WÜRZBURG

Abschiebungen: Stadt soll Widerstand gegen Freistaat leisten

Zum vierten Mal fand am Montag vor der Stadtbücherei eine Mahnwache gegen Abschiebungen nach Afghanistan statt. Foto: Theresa Müller

Zum vierten Mal versammelten sich an diesem Montagabend zumeist junge Leute zu einer Mahnwache am oberen Markt. Die Initiative „Bleiberecht für alle“, ein loser Zusammenschluss von Flüchtlingshelfern und Geflüchteten, organisiert die Mahnwachen. Sie wollen ihrem Sprecher Nicolas Prüßmann zufolge Druck ausüben auf die bayerische Staatsregierung. Der Freistaat solle sich, so sagte er vor knapp 100 Teilnehmern, Schleswig-Holstein anschließen und niemanden mehr nach Afghanistan abschieben.

Für den zu erwartenden Fall, dass die Staatsregierung die Abschiebungen nicht aussetzt, fordert die Initiative von der Stadt Würzburg, sich entsprechenden Anweisungen zu widersetzen und zu verhindern, dass hier lebende Menschen „mit Gewalt in ein Kriegsgebiet abgeschoben werden.“

Von den Sammelabschiebungen in diesem Jahr sind laut Prüßmann auch Würzburger Afghanen betroffen gewesen. Er findet unverantwortlich, dass die Leute nach Kabul geflogen werden und dann auf sich alleine gestellt bleiben müssen.

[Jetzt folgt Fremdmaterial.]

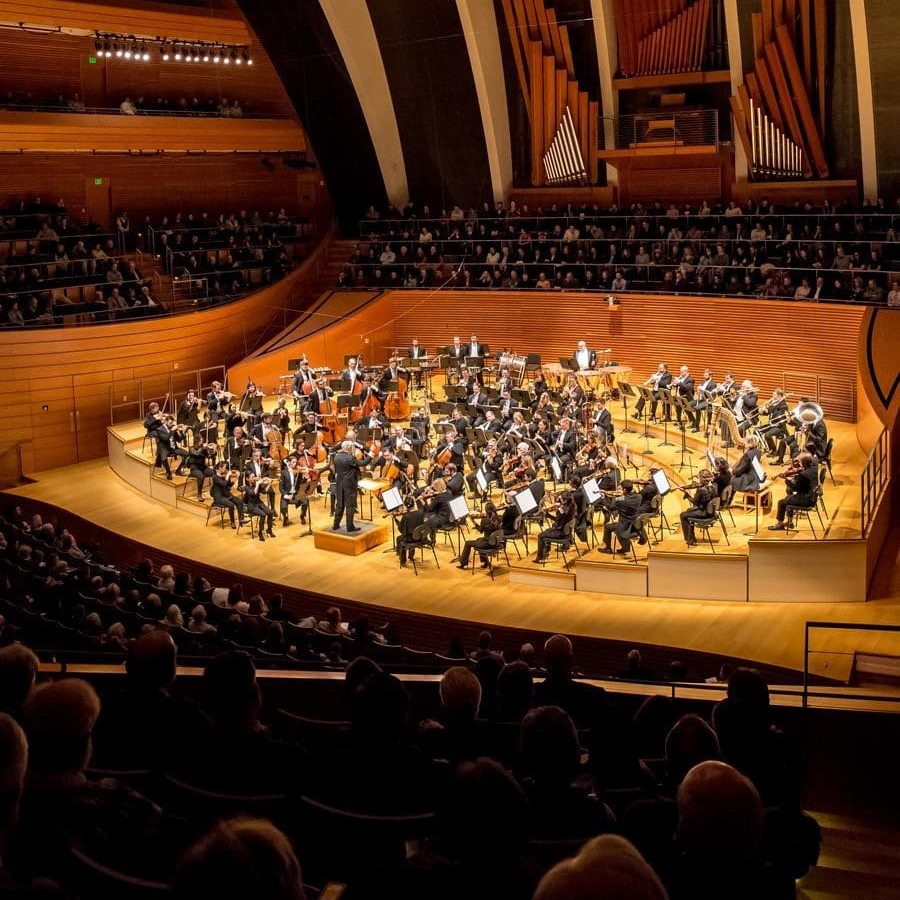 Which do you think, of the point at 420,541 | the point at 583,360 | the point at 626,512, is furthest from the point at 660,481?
the point at 583,360

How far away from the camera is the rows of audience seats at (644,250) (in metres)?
17.2

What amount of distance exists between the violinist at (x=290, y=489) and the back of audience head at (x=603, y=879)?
36.6 ft

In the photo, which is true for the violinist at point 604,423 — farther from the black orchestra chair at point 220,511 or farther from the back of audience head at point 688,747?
the back of audience head at point 688,747

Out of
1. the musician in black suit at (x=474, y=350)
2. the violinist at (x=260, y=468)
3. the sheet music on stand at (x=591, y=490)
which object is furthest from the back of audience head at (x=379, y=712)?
the musician in black suit at (x=474, y=350)

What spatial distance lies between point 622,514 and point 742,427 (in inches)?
135

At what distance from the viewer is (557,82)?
21.4 metres

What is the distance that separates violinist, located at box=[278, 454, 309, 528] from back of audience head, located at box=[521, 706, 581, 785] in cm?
1007

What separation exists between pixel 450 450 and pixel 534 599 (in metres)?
2.56

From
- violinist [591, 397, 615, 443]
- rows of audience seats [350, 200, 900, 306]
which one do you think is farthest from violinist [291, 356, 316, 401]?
rows of audience seats [350, 200, 900, 306]

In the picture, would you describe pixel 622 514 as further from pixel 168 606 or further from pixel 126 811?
pixel 126 811

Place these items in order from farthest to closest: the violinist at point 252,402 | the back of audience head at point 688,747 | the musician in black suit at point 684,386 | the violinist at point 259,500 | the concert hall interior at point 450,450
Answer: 1. the musician in black suit at point 684,386
2. the violinist at point 252,402
3. the violinist at point 259,500
4. the back of audience head at point 688,747
5. the concert hall interior at point 450,450

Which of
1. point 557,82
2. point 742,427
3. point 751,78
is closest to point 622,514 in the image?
point 742,427

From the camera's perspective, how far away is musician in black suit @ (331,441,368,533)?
39.8 ft

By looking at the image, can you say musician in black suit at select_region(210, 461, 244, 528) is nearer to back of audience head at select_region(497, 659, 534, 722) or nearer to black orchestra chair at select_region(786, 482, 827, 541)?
black orchestra chair at select_region(786, 482, 827, 541) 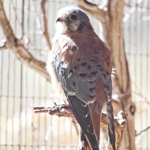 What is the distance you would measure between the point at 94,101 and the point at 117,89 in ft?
4.49

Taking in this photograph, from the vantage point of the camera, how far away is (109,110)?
202 centimetres

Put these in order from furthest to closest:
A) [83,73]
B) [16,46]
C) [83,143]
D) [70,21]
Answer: [16,46], [70,21], [83,73], [83,143]

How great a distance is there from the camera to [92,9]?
128 inches

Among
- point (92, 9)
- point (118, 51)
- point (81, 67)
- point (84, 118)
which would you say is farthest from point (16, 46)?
point (84, 118)

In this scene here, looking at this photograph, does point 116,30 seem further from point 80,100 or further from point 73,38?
point 80,100

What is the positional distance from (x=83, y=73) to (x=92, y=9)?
4.50 ft

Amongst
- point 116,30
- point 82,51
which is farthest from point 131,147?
point 82,51

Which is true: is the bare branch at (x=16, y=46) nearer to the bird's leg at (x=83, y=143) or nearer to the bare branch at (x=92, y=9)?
the bare branch at (x=92, y=9)

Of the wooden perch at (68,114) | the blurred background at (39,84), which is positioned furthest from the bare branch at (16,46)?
the wooden perch at (68,114)

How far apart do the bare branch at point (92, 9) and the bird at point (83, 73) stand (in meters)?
0.71

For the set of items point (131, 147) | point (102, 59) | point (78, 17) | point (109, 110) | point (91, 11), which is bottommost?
point (131, 147)

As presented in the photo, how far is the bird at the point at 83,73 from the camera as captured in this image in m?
1.93

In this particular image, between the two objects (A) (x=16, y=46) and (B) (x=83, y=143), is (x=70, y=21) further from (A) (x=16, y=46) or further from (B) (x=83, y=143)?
(B) (x=83, y=143)

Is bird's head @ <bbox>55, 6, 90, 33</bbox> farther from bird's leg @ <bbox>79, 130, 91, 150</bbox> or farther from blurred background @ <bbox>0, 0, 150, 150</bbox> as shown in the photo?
blurred background @ <bbox>0, 0, 150, 150</bbox> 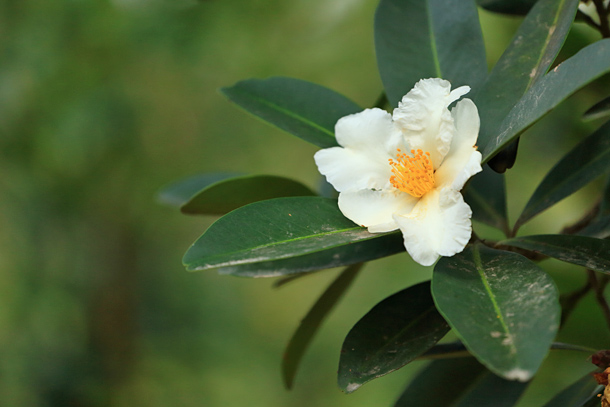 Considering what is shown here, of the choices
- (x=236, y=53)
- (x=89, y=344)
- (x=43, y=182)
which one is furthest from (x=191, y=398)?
(x=236, y=53)

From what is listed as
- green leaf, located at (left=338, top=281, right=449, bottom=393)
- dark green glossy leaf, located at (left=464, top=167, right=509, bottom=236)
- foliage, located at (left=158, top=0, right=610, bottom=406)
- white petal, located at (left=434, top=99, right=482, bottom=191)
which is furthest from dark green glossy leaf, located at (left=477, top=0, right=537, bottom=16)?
green leaf, located at (left=338, top=281, right=449, bottom=393)

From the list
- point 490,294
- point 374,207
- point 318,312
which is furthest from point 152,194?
point 490,294

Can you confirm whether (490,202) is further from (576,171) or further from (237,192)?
(237,192)

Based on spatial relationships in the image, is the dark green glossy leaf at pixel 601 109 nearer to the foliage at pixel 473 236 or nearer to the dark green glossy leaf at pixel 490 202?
the foliage at pixel 473 236

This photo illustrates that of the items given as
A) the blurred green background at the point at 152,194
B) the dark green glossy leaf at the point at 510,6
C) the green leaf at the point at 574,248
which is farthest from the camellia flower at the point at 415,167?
the blurred green background at the point at 152,194

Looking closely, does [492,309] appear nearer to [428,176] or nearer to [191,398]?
[428,176]

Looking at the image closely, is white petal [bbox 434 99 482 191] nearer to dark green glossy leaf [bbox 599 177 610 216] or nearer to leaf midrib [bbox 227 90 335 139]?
leaf midrib [bbox 227 90 335 139] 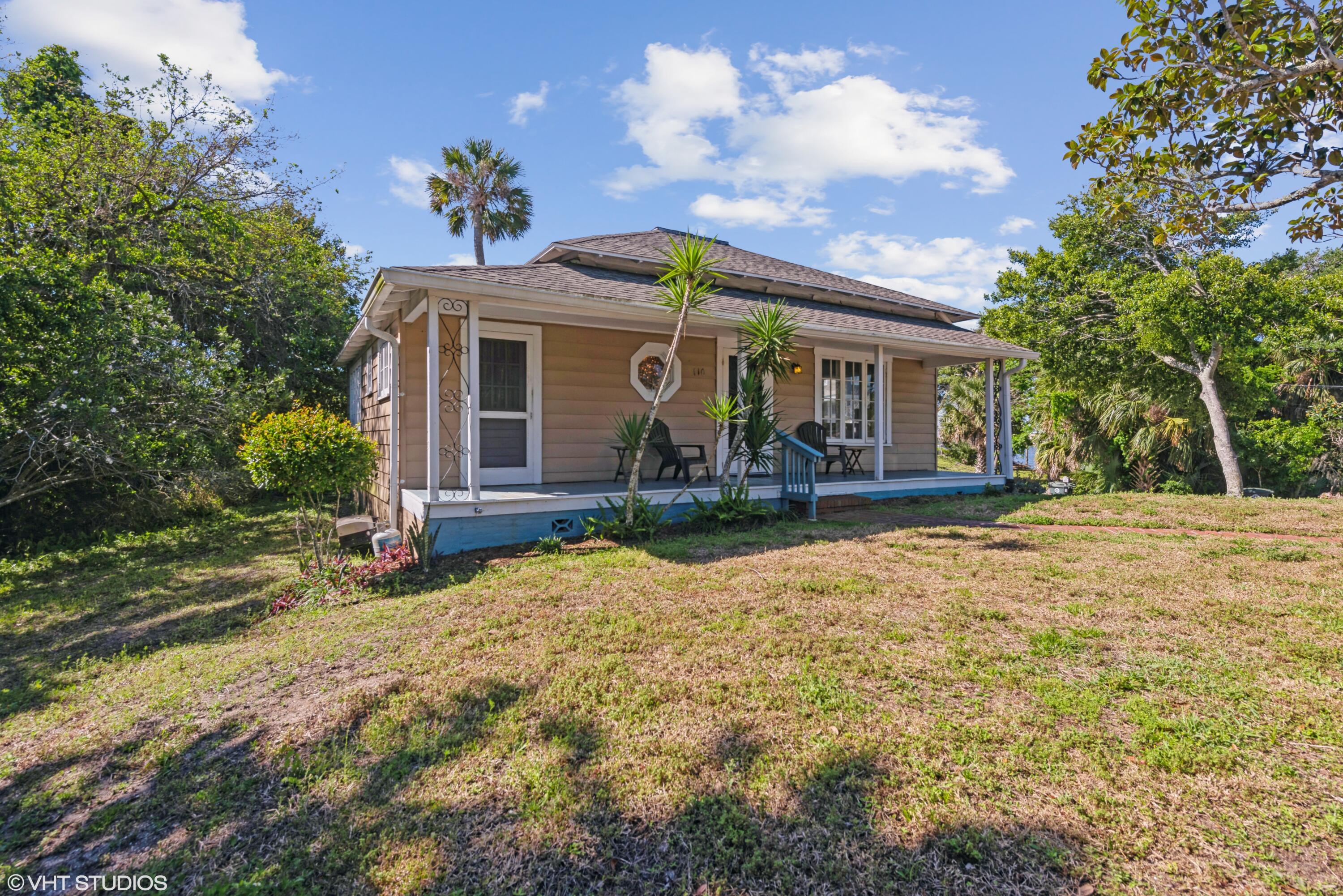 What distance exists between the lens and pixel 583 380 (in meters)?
8.31

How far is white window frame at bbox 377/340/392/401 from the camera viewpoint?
297 inches

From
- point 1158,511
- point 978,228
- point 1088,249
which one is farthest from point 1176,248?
point 1158,511

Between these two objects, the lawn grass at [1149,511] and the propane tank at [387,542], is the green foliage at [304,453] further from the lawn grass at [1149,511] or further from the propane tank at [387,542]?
the lawn grass at [1149,511]

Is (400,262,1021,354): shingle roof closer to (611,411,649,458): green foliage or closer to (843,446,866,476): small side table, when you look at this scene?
(611,411,649,458): green foliage

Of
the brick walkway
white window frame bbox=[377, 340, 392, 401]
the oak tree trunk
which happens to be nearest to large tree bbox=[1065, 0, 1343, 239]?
the brick walkway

Auswärtiges Amt warnt vor der „unverminderten Gefahr, Opfer einer Gewalttat zu werden“

Die Initiative fordert ein „Bleiberecht für alle überall und jederzeit“. Afghanistan steht im Fokus, weil die Zustände dort dramatisch sind. Die UNO berichtet, die Zahl ziviler Opfer bei Kämpfen und Angriffen habe 2106 einen neuen Höchststand erreicht. Anfang Februar teilte die UN-Mission in Afghanistan (Unsama) mit, sie habe 2016 fast 3500 zivile Tote und mehr als 7900 Verletzte gezählt, ein Drittel davon Kinder.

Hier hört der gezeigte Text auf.